How Can We Obey the Golden Rule?

Water BucketHow living by faith helps us love

Friday morning I was talking with some men about how to be more loving.

We know Jesus calls us to to love our wives, our children, our enemies, our neighbors.

But how do we do this — especially when we’re not feeling it?

Jesus tells us in Golden Rule

We looked at what’s called the Golden Rule — Matthew 7:12 —

So whatever you wish that others would do to you, do also to them.

Here Jesus calls us to do as much good for others as we want others to do for us.

But if we are honest we will ask — “What about us?  Who’s going to do good for us?”

Jesus loves that question.  And He Himself answers that question, in —

The most important word in the Golden Rule

It’s the word “so,” which means “therefore.”  Look at the verse again —

So whatever you wish that others would do to you, do also to them

The word “so” shows that obeying this command depends on understanding the previous verse — verse 11 —

If you then, who are evil, know how to give good gifts to your children, how much more will your Father who is in heaven give good things to those who ask him!

Here Jesus promises that whenever we ask, our Father in heaven will always do good for us (especially the greatest good of giving us more of Himself).

We first must understand that God will always do good for us (v.11) — so therefore we can devote ourselves to doing good for others (v.12).

How to obey the Golden Rule

Jesus does not want us to obey the Golden Rule by gritting our teeth and ignoring our own needs so we can care for the needs of others.

He wants us to obey by first trusting all our needs to our Father in earnest prayer — resting in the fact that He is rejoicing to do us good with all His heart and soul.

Then — trusting that God is passionately pursuing us with good — we can devote ourselves to doing good for others.

If you are having a hard time loving, try this —

If so, try this. Open your Bible to Mat 7:11, and pray over that promise until the Holy Spirit stirs your heart that it’s true.

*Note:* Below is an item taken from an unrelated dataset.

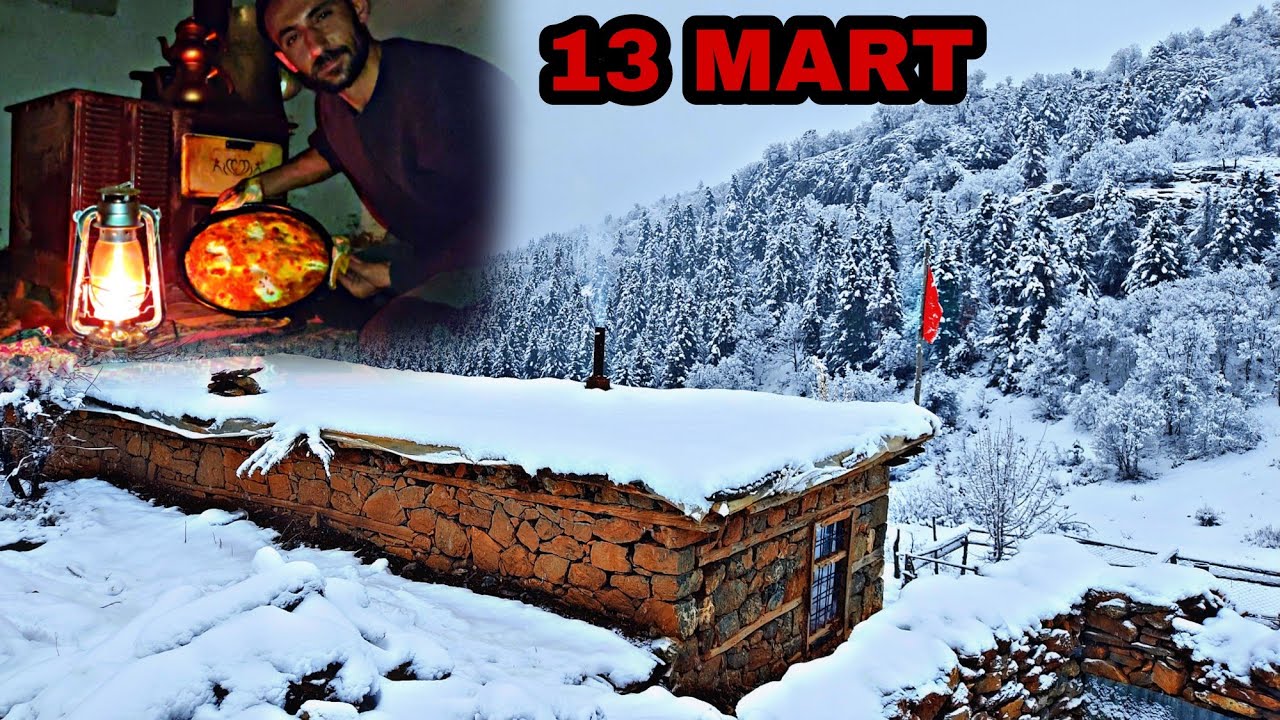 DAĞ EVİ KAR KAMPI MUHTEŞEM MANZARA~PEYNİRLİ SOBA EKMEĞİ/4k video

Pray until you believe that because of Jesus’ death, as you ask God in prayer, He will bring you good through every problem, every circumstance, and every future scenario.

Now notice your heart. What’s happening?

When you see that God will bring you great good. you will feel growing peace. Even joy. Your heart will become more and more full.

And as your heart fills, you will start wanting to do good for others. It’s just like what happens when you pour water into a bucket. If you keep pouring, it will overflow.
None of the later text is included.